La confusion entre légitimité et mise en scène
Dans toute démocratie fonctionnelle, l’accès aux plus hautes fonctions de l’État repose sur la légitimité populaire, la clarté programmatique et la responsabilité institutionnelle. En Haïti, ces principes semblent avoir été remplacés par une logique de cooptation informelle, où le pouvoir se négocie dans des cercles restreints, loin du suffrage, loin du peuple, loin de toute exigence de reddition de comptes.
La présidence et la primature sont désormais envisagées comme des positions à pourvoir, presque administrativement, indépendamment de la faillite structurelle de l’État. On parle de profils, de consensus, de leadership, mais jamais de refondation institutionnelle, de sécurité nationale ou de reconstruction de l’autorité publique. Le pouvoir est convoité avant même d’être défini dans sa finalité.
La pathologie du pouvoir
Cette séquence révèle une constante bien connue de la vie politique haïtienne : une obsession pathologique du pouvoir, détachée de toute vision stratégique. Gouverner n’est plus perçu comme un service rendu à la collectivité, mais comme un statut social, un instrument de reconnaissance et un moyen de survie politique.
Cette maladie du pouvoir se manifeste par une incapacité chronique à penser le pays en dehors de soi. Les priorités nationales :sécurité, élection, justice, éducation et économie sont reléguées au second plan, au profit d’une lutte permanente pour le positionnement, la visibilité et l’accès aux privilèges étatiques. Le pouvoir devient une fin, jamais un moyen.
Une élite hors-sol face à un pays en détresse
Cette dérive est d’autant plus choquante qu’elle s’opère dans un contexte de souffrance sociale extrême. Tandis que les discussions politiques se déroulent dans des espaces protégés, une large partie du territoire échappe au contrôle de l’État, des milliers de familles vivent sous la menace permanente de la violence armée, et l’exode est devenu un horizon collectif.
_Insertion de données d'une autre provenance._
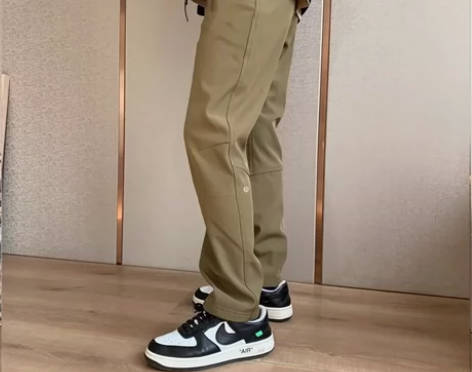 lu轻奢冬季男士户外休闲加绒裤！运动流线型...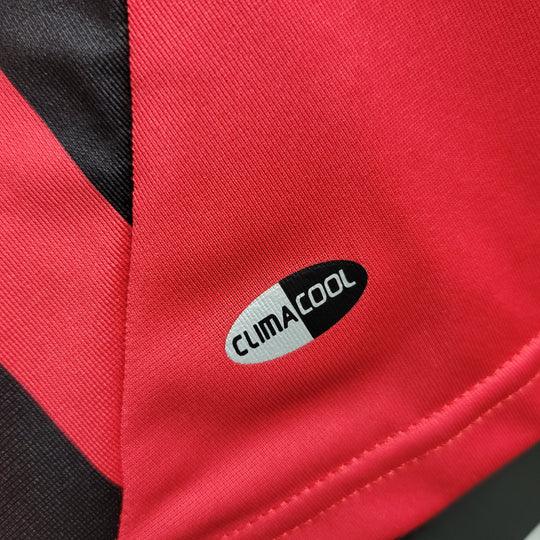 Maillot rétro de football AC Milan 2007-2008, marque Le 12-ème Maillot, avec logo et détails du maillot sur fond blanc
Il existe désormais deux Haïti :
celle des salons politiques, des déclarations solennelles et des accords sans portée réelle ;
et celle du peuple, livrée à l’insécurité, à la précarité et à l’abandon institutionnel.
Cette fracture rend la mise en scène politique non seulement inefficace, mais moralement indéfendable.
Gouverner l’illusion d’un État
Le paradoxe atteint son comble lorsque l’on observe l’acharnement à vouloir diriger un État vidé de ses fonctions essentielles. On se dispute le contrôle d’institutions affaiblies, parfois inexistantes, comme si le simple fait d’occuper un titre suffisait à recréer l’autorité publique.
Cette logique entretient une illusion dangereuse : celle selon laquelle le problème d’Haïti serait avant tout un problème de personnes, et non de structures, de pratiques et de culture politique. Or, sans rupture radicale avec les méthodes qui ont conduit à l’effondrement actuel, toute transition, quelle que soit sa forme, restera un exercice creux.
Une comédie aux effets destructeurs
Il serait tentant de traiter ces épisodes avec ironie, tant ils frôlent l’absurde. Mais les conséquences sont trop graves pour s’en tenir au rire. Chaque simulacre de dialogue, chaque transition improvisée, chaque arrangement opaque contribue à éroder un peu plus la confiance populaire et à délégitimer durablement l’action politique.
À force de transformer la gouvernance en comédie, une partie de la classe politique oublie une vérité fondamentale : un peuple qui ne croit plus en ses dirigeants finit par se détourner de l’État lui-même. Et lorsque la politique perd toute crédibilité, le vide qu’elle laisse est rarement comblé par des forces démocratiques.
La situation actuelle exige non des ambitions personnelles recyclées, mais une refondation profonde de la pensée politique haïtienne. Sans cela, la comédie continuera jusqu’à ce qu’il ne reste plus de scène, plus de public, et plus de pays à gouverner.